Tuesday, February 19, 2008

Are We Living an Epic?

In Leif Enger's novel Peace Like a River, one of the characters asks this question: "Is it hubris to believe we all live epics?" That question resonates with me perhaps because, in my general estimation, our lives are really rather drab and meaningless without some adventurous or "odyssey-driven" context to place them within.

In my midlife years I find my fingers flipping back to the Old Testament book of Ecclesiastes more often than they had in my salad days, sometimes to frankly whine along with Solomon in his sardonic musings concerning the meaning of life. Though, in my better hours, I fall into the invariable and more predictable safety of the conclusion that, apart from God, there is only bitterness, a misty vanity, a chasing after the elusive soap bubbles borne on the winds.

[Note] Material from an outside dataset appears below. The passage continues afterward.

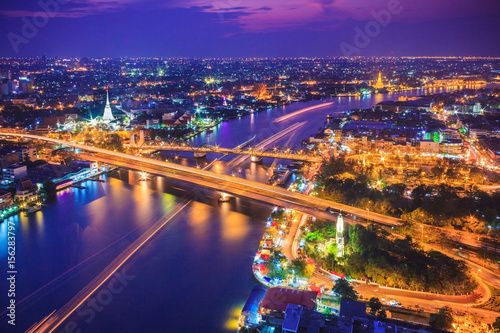 Bangkok city skyline and Chao Phraya River under twilight evening sky.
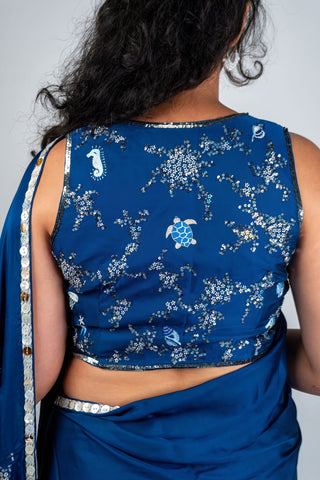 Ocean blue satin saree with silver embroidery and sea motifs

Over fourteen years ago, our family moved to Almaty, Kazakhstan. Historically, this was an incredible time in the world. The Berlin Wall had just come down, and vast areas of the "Evil Empire" were now open to the advance of the gospel. In the pre-9/11 days, reaching out to Mu
slims with the love of Christ was an easier sell than in the heat of today's blast of cold-hearted assumptions and limited missiological horizons. Initially, it seemed I was on the crest of some wave of warrior service for God, slaying dragons under the banner of "Timurzhan." (A family we worked with had a housekeeper and language helper who gave us all new names upon our arrival. Mine could be translated "Iron Soul" in the Kazakh language, I was told.) After the trials of three years of cross-cultural living in Central Asia and spiritual immaturity took their toll, I came to discover I was composed of far weaker metal. As Dickens would put it, these were years best characterized as "the best of times and the worst of times." They were rich times because God was doing His faithful work as the Refiner of His children as we experienced an awesome and undeserved privilege; they were painful because I left that "warrior service" disappointed in myself and extremely ambivalent about what it meant to hitch your star to His clarion call to "stretch your tent curtains wide, to lengthen the cords, and strengthen the stakes" (Is. 54:2-3), merely to arrive at a soul-aching barrenness which only additional wilderness wanderings with my Shepherd could assuage.

Commenting on Jesus' first miracle at Galilee (the changing of water to wine), Michael Card makes this observation:


"When we examine the miracles, a consistent image of Jesus of Nazareth comes into view. It makes sense that the One who refused to grasp equality with God would perform most of his miracles in such an unmiraculous, almost hidden way. It fits the paradox of his life. Power through weakness, wisdom through foolishness, total victory through bloody defeat...The wedding at Cana teaches us that he is ready to transform every ordinary element in our lives into the glorious stuff of miracles. But this first miracle prepares us for the fact that the world around us will usually fail to appreciate or even see it at all."

I guess I'm taking the epic route, as Odysseus or Frodo would, to simply say I'm learning to accept the mundane reality of the journey for what it is. There is still wonder and splendor in a quiet prayer or a small fraction-step towards humility and contrition in a strained relationship. It may not bear the sweaty scent of "warrior labor," but it is nevertheless epic in its scope. The warning to the prophet Zechariah to not despise the day of small things (Zech. 4:10) still rings true today...even for a sardonic Timurzhan!